Apesar de não justificar sua ações, o tratamento rígido e frio que Pearl recebe de sua mãe é um dos estopins para que a jovem alimente seu lado vingativo e sádico, que já estava lá (vemos isso na forma como ela mata animais, por exemplo), mas ainda adormecido. A tentativa de Ruth de exercer controle sobre a filha, forçando-a a ser exatamente como ela, gera frustrações em ambos os lados (Ruth, inclusive, expressa seu descontentamento em relação à sua própria vida em uma discussão) e contribui para a tragédia que toma conta da narrativa, que se inicia justamente através da rivalidade familiar.
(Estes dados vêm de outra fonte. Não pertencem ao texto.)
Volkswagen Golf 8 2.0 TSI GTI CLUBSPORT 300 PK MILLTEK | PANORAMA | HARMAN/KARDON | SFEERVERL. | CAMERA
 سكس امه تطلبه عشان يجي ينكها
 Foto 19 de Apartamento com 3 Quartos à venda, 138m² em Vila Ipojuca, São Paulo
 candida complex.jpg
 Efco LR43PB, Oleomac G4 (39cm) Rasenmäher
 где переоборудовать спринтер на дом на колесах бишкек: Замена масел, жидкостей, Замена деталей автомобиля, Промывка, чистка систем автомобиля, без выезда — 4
Quando Pearl mata sua mãe (e seu pai, mais tarde, mesmo que ele não represente perigo - mas ele ainda é uma âncora do passado), portanto, a narrativa aponta uma espécie de segundo corte umbilical, com a jovem assumindo de uma vez por todas o controle de sua vida e abraçando seu lado violento. É a partir daí, inclusive, que ela passa a matar quaisquer outras pessoas que representem qualquer tipo de ameaça ao seu novo "eu", que faz de tudo para cuidar de si e alcançar o estrelato (que é o completo oposto da vida com seus pais).
O filme ainda traz uma crítica interessante sobre a fama: vale qualquer coisa para chegar ao topo? Para Pearl, os limites são inexistentes e não há nada mais importante do que o glamour dos palcos. Nesse sentido, inclusive, sua roupa de cor vermelho-sangue, utilizada durante o último ato do longa, além de representar as mortes que ela carrega consigo, é um símbolo de sua paixão e obsessão (o vermelho geralmente apresenta essa conotação em obras cinematográficas).
Por fim, Pearl é uma grata surpresa e acerta em cheio ao explorar os limites de uma personagem repleta de traumas, sonhos e frustrações que, apesar de tudo, aparentemente, jamais deixará de acreditar que é um estrela, como ela mesma diz durante a cena em que faz uma audição para uma peça. Então, se você também assistiu e gostou da obra de West, repita comigo: eu sou uma estrela!